Yeah I think it will come in handy a bit later. It currently has two inputs connected to the carry flag. If I swap one of them to be the sign bit of the LHS input, the ALU can do arithmetic right shifts. Need some op decoding first though 😀
Yeah great point! I hadn't considered the rotate instructions. Those could be cool to have. 🙂 It's always a battle between making the initial breadboard versions of the subcircuits feature rich, and moving faster while postponing features to future revisions.
I love it! So, it is technically possible to implement right and left bit shifting with other operations. It’s not *necessary* to add additional hardware for bit shifting. However, these become pretty expensive operations that way, which is certainly unintuitive compared to pretty much any real CPU.
I assume your CPU will also be pipelined like James Sharmans? I agree that his ALU design is quite elegant, but since I’m designing a stepped processor, I’m thinking of not running everything through the adder. In James’ design, I believe this requires two pipeline stages before an ALU result can be obtained…not a problem for a pipelined processor. I’m not quite sure why two stages are needed but I’m thinking for my stepped processor design it might be better to keep each calculation circuit separate (add, shift, logic ops, etc) and only choose between which one to apply at the output at the final output of the ALU. Hope that makes sense.
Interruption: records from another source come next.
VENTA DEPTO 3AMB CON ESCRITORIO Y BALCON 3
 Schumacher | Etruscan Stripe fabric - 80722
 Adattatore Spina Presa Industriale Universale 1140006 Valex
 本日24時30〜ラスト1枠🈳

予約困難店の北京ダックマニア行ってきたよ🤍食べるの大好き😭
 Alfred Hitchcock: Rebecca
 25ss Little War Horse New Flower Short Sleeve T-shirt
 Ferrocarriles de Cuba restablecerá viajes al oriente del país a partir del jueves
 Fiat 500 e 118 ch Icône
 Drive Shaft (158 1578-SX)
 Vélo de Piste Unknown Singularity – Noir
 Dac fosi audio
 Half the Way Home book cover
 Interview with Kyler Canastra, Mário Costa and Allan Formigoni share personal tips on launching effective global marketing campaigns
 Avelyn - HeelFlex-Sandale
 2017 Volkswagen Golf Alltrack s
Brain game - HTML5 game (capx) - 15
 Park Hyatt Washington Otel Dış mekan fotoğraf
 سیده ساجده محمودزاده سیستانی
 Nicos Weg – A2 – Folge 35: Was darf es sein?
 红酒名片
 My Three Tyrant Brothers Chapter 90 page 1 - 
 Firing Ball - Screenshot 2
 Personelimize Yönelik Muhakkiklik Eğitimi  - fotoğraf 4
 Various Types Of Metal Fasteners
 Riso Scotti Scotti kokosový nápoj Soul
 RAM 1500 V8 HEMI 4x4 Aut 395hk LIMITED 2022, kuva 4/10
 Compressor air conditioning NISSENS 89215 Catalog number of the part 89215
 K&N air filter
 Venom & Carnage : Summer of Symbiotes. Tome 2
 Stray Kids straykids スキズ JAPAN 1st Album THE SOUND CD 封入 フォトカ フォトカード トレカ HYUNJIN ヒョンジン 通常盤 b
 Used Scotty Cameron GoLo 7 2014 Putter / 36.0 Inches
My cpu, though a stepped processor, currently takes three cycles for most operations. That’s why I’d like to minimize the number of cycles needed in the ALU.
Yes, at a later point I'll start adding pipeline stages in the places where they make sense. It's a good idea though to quickly sketch out on paper what kinds of chips you have feeding into each other, and then sum up the propagation delay along those paths. The adder is pretty fast, probably 1/4th of the time a ROM-based decoder would take to produce an output. AND/OR/XOR and multiplexers are going to be even faster. So you can probably rack up quite a few adders or logic chips in your ALU before they start making your CPU slower (because they overtake the decoder as criticial path). Keeping the ALU paths separate for the different functions is a nice idea! That would likely take quite a few additional chips because you have to replicate some work (XOR for subtraction in parallel to logic ops, maybe some redundancy in the logic ops?) but you should be able to get a bit more speed out of it 👍